### [WHAT YOU SHOULD DO]
Go to the line below that has "Red Farm Christmas", print it and each line after it exactly, and stop after the line that has "Q.E.D. Queen's Experiments"; leave out pictures.

### [THE DATA]
● ● ● ●

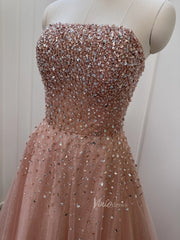 Sparkly Rose Gold Prom Dress Beaded Strapless Formal Gown with Corset Back FD2835
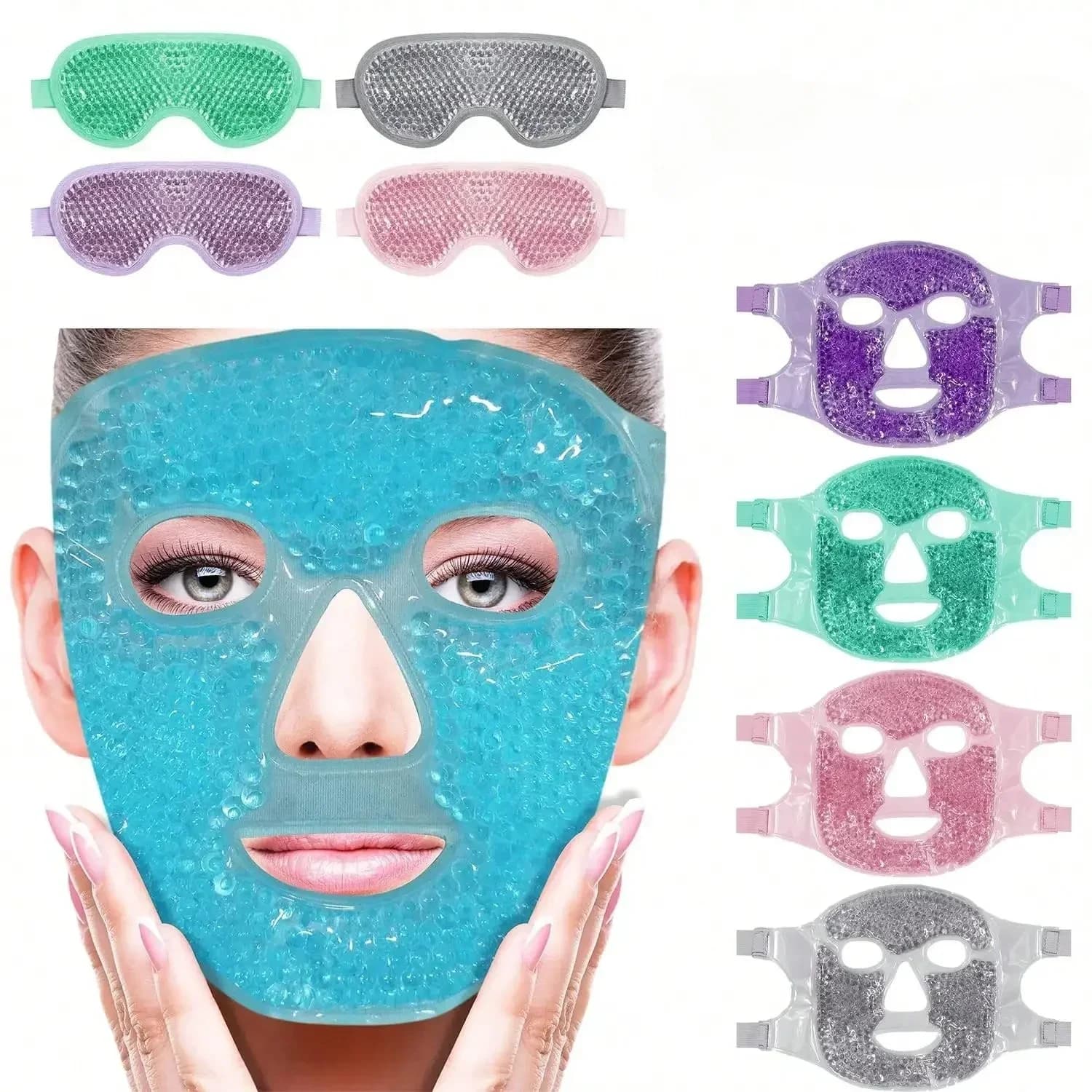 Gel Raffreddamento Ghiaccio Viso Maschera per gli occhi Maschera per il viso Impacco caldo freddo Confezione di gel Perlina Maschera per gli occhi fredda Impacco di ghiaccio Impacco di ghiaccio Impacco per il viso per dormire SPA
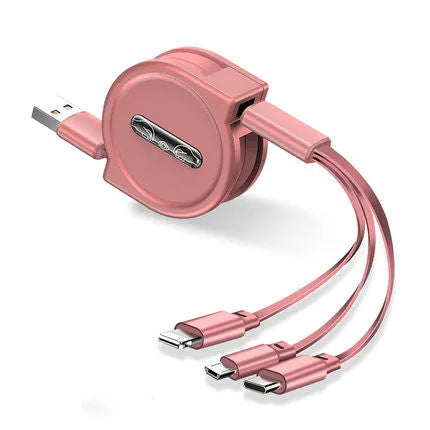 3 in 1 telescopic charging cable extended with titanium alloy connectors and TPE cable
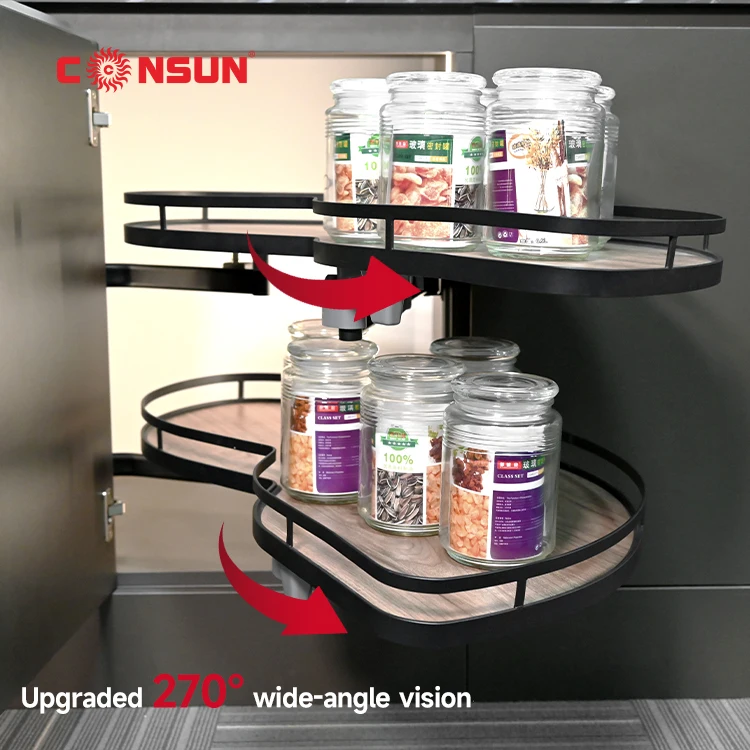 Cabinet Accessories drawer shelf revolving saucer S Corner kitchen storage cabinet revolving basket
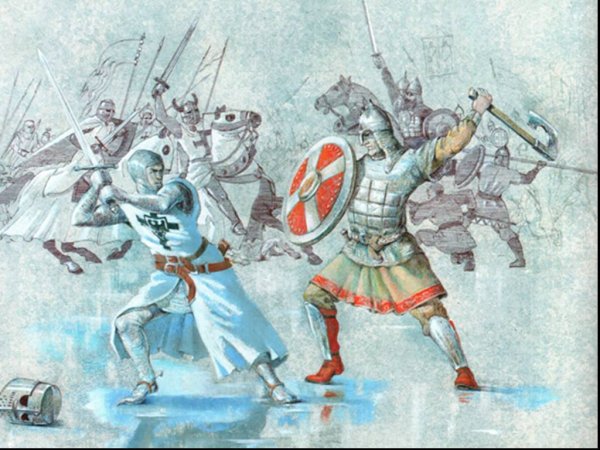 Ледовое побоище Александр Невский карандашом
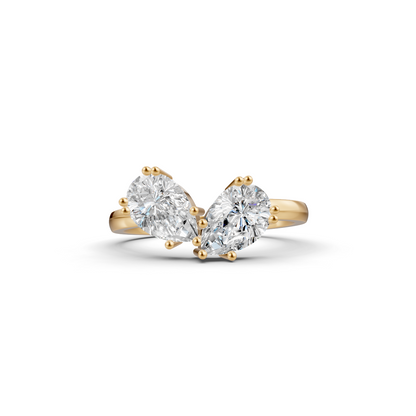 Twin Pear Cut Diamond Asymmetrical Statement Ring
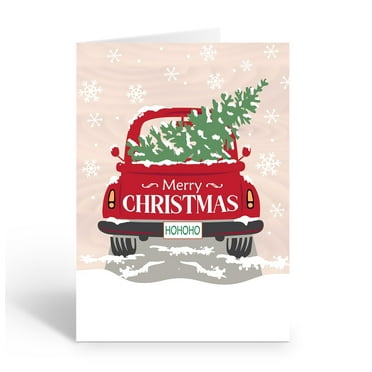 Red Farm Christmas Truck with Christmas Tree in the Back Holiday Card - 12 Cards with Envelopes - Christmas - B18047
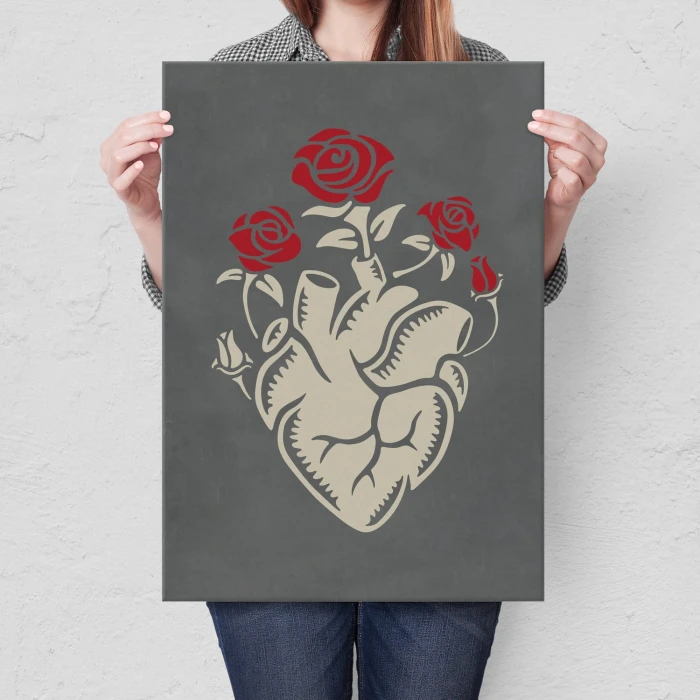 Plakat metalowy Serce i róża Prezent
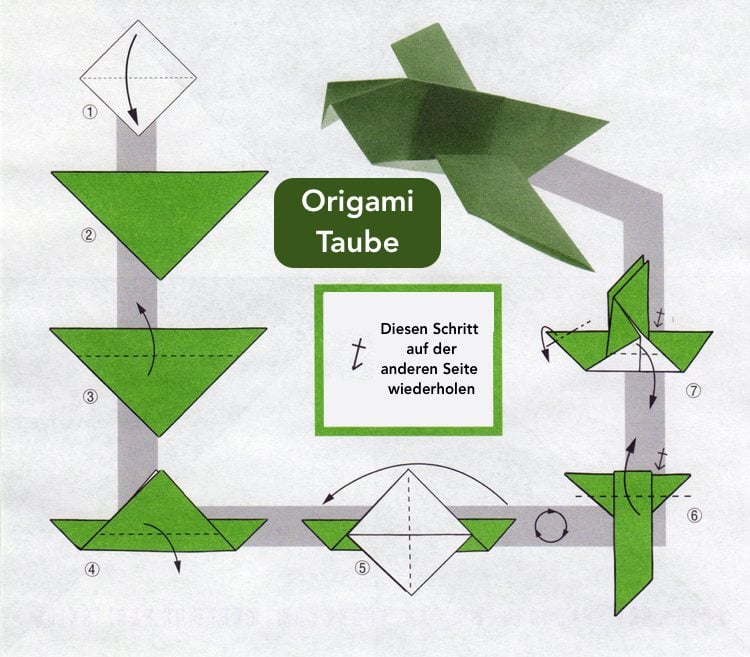origami vogel taube falten frieden bedeutung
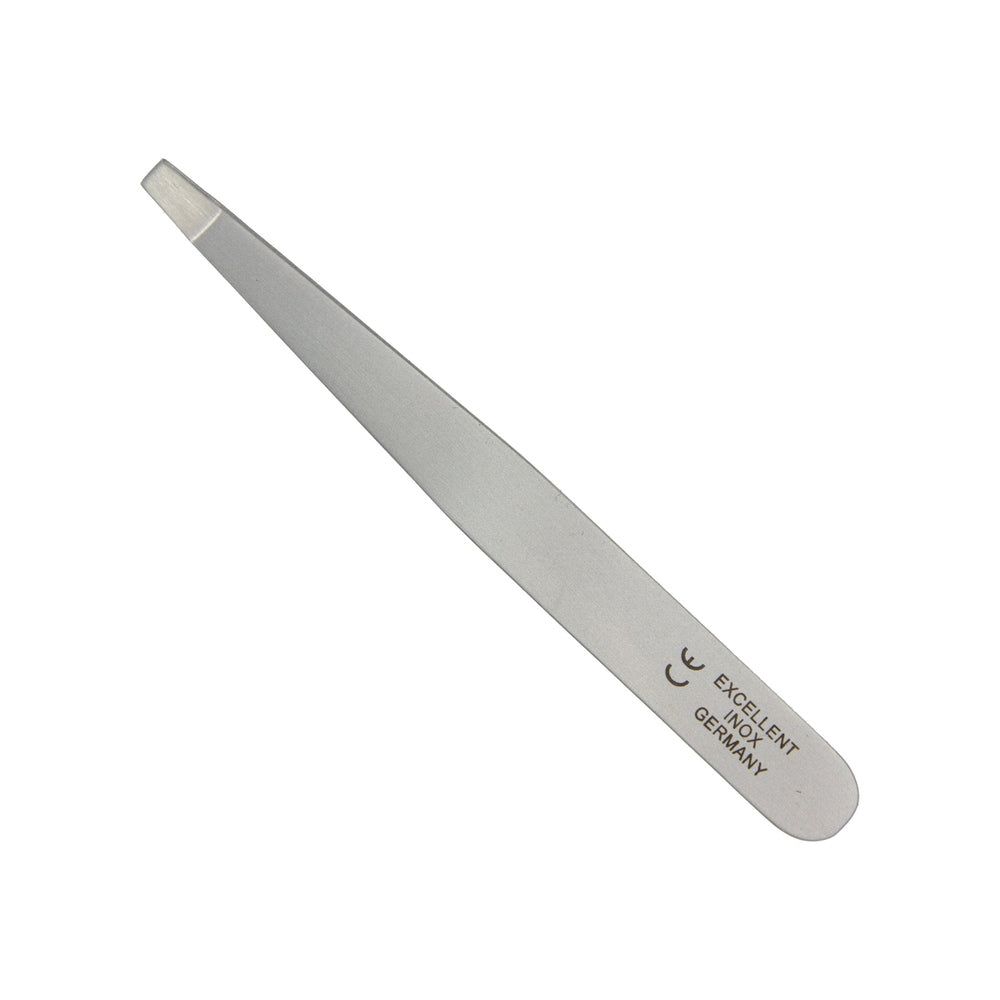 Pince coudée en acier inoxydable avec marquage CE et inscription "EXCELLENT INOX GERMANY".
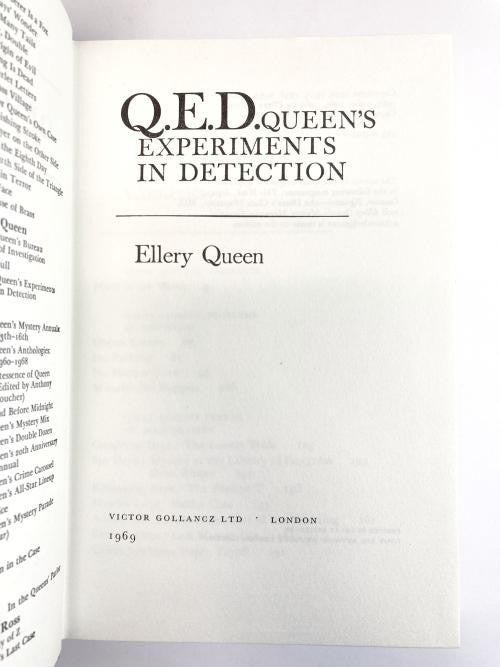 Q.E.D. Queen's Experiments in Detection by Ellery Queen (First Edition) File ...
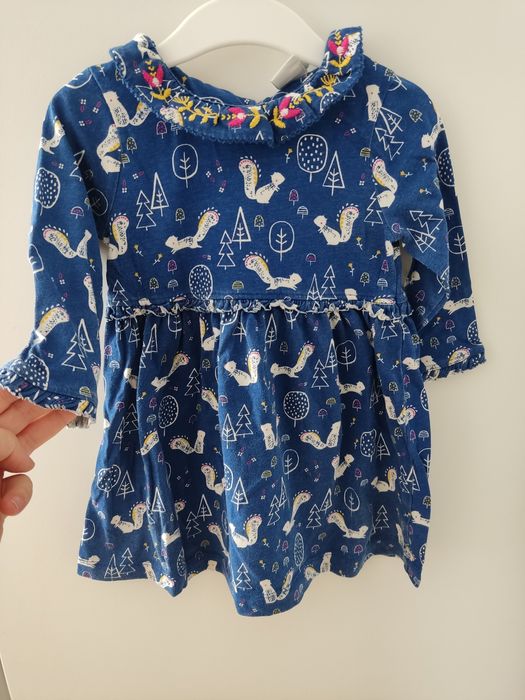 Sukienka wiewiórki 74-80kolnierzyk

● ● ● ●

### [COMPLETED EXERCISE]
 Red Farm Christmas Truck with Christmas Tree in the Back Holiday Card - 12 Cards with Envelopes - Christmas - B18047
 Plakat metalowy Serce i róża Prezent
origami vogel taube falten frieden bedeutung
 Pince coudée en acier inoxydable avec marquage CE et inscription "EXCELLENT INOX GERMANY".
 Q.E.D. Queen's Experiments in Detection by Ellery Queen (First Edition) File ...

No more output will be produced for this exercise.